WHAT?!?! I am so outraged at this report that I can hardly stand it. I was watching the news last night when the report came on and was practically yelling at the tv! I could not believe what I was hearing!! Part of their reasoning is because there are many false positives that occur between the ages of 40-49 in diagnostic mammography...um, well, what about the lives that it DOES save?? Seems to me they are saying that "yeah, it does save some lives, but they aren't worth it." You've got to be kidding me. 15% of women in their 40s detect breast cancer through mammography. Is this task force saying these lives aren't worth it?? The best thing we have in the fight against breast cancer is early detection. MAMMOGRAMS AND BSEs save lives and are a big part of that!
I am so disappointed in this new report. It makes me so sad that some women out there will hear this and think that it is ok to not get their mammos until 50 and not worry about BSEs and because of this, breast cancer will go undetected. Do you know what damage breast cancer can do in that amount of time?? I let mine go for a year and a half and had lymph node involvement by the time I was diagnosed...and I was one of the lucky ones. With my age and receptors, I am lucky that it hadn't spread to other areas of my body. I can't imagine that they would even put this report out there. I can bet you money, sadly, that the death rate for breast cancer, which has been on the decline in the last several years, will slowly be on the rise if this report is allowed to stand. After years of pushing and pushing and getting the message out for early detection, it seems we have just went backwards about 20 years in our mission.

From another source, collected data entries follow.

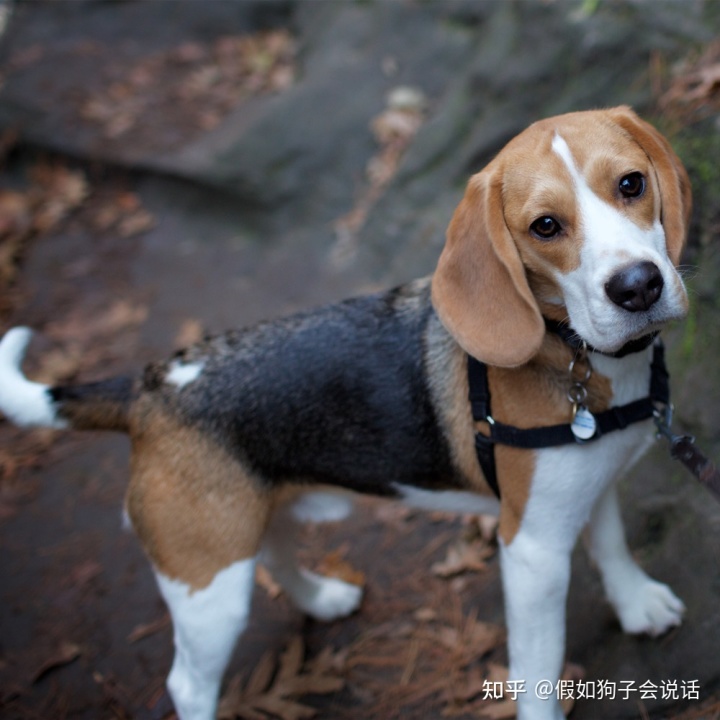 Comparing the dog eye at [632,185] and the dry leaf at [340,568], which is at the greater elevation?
the dog eye at [632,185]

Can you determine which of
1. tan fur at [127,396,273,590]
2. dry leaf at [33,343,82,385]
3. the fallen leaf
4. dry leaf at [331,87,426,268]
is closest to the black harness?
tan fur at [127,396,273,590]

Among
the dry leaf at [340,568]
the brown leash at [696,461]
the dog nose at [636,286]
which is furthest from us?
the dry leaf at [340,568]

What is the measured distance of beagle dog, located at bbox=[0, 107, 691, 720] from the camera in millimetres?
2438

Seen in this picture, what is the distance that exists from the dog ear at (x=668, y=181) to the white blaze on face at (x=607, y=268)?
4.6 inches

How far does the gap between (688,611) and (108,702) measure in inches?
115

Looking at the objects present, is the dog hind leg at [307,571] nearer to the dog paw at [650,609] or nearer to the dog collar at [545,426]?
→ the dog collar at [545,426]

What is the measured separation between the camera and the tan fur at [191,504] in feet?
10.2

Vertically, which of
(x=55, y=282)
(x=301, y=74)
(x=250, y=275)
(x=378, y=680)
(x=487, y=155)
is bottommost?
(x=55, y=282)

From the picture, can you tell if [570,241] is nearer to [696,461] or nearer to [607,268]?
[607,268]

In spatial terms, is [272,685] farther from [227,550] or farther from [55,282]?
[55,282]

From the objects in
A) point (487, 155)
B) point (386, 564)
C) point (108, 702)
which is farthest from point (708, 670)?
point (487, 155)

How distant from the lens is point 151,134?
9.44 meters

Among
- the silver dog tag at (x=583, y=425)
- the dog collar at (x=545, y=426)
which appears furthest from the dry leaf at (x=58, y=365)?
the silver dog tag at (x=583, y=425)

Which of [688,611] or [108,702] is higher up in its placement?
[688,611] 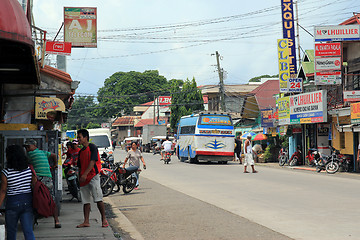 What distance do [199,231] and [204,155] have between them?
2427cm

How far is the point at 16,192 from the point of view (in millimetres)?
6316

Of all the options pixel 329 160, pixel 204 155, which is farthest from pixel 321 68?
pixel 204 155

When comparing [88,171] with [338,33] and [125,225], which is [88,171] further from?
[338,33]

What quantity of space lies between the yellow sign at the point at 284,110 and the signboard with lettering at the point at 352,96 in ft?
26.1

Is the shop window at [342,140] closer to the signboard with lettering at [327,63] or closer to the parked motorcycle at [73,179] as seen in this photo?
the signboard with lettering at [327,63]

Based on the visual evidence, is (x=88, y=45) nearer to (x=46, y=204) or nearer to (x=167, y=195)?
(x=167, y=195)

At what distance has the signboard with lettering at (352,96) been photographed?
23.4 m

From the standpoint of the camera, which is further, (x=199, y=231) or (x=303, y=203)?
(x=303, y=203)

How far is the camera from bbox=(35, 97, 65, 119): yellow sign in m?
13.5

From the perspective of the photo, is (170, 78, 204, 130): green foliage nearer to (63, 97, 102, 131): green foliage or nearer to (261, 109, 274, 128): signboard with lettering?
(261, 109, 274, 128): signboard with lettering

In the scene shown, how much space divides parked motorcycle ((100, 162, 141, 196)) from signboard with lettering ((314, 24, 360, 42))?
12.9m

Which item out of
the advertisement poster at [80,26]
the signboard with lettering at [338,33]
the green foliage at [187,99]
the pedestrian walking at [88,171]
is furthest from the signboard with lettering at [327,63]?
the green foliage at [187,99]

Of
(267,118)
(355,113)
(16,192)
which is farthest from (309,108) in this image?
(16,192)

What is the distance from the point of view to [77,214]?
11320 millimetres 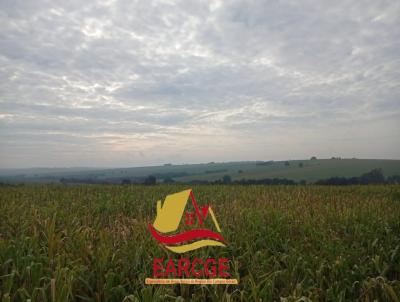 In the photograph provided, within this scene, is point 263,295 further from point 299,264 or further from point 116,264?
point 116,264

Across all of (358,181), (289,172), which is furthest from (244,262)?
(289,172)

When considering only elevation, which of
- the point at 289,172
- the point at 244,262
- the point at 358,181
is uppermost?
the point at 244,262

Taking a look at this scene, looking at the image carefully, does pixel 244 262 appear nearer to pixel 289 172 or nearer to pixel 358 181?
pixel 358 181

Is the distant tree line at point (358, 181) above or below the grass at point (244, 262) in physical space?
below

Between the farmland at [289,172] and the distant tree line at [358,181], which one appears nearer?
the distant tree line at [358,181]

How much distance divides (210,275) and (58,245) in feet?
10.1

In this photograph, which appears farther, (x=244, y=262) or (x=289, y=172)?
(x=289, y=172)

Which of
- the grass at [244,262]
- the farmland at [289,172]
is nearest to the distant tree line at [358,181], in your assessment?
the farmland at [289,172]

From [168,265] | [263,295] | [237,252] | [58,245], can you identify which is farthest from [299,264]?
[58,245]

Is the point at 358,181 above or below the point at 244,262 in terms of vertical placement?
below

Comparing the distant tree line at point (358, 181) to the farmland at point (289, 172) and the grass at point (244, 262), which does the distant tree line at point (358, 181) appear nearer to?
the farmland at point (289, 172)

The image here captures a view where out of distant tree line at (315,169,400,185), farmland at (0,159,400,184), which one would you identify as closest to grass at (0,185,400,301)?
distant tree line at (315,169,400,185)

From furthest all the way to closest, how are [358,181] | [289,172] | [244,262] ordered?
[289,172] → [358,181] → [244,262]

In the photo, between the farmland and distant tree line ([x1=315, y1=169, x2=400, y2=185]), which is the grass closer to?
distant tree line ([x1=315, y1=169, x2=400, y2=185])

Before this report came out yesterday, I was of the belief that we were headed in the other direction. Where younger and more women were getting screened, and new (and better) imaging tests like the breast MRI would slowly replace the mammogram. I am just disheartened. Apparently so is the American Cancer Society, who doesn't agree with this new report at all. And neither do the physicians that I have seen interviewed on the various news shows. Which leads me to wonder how on earth this task force came up with such bogus suggestions?? Is it insurance companies? Political? Who knows. But I hope it isn't leading backwards down the road that was just paved with the hard work of those fighting for early detection and screening.
So for all you gals out there...go with the current guidelines recommended by the American Cancer Society:
- Yearly mammograms beginning at the age of 40, unless you have a family history of breast cancer. If so, take the age at which that family member was diagnosed and subtract 10 years to get the age that you should begin getting screened.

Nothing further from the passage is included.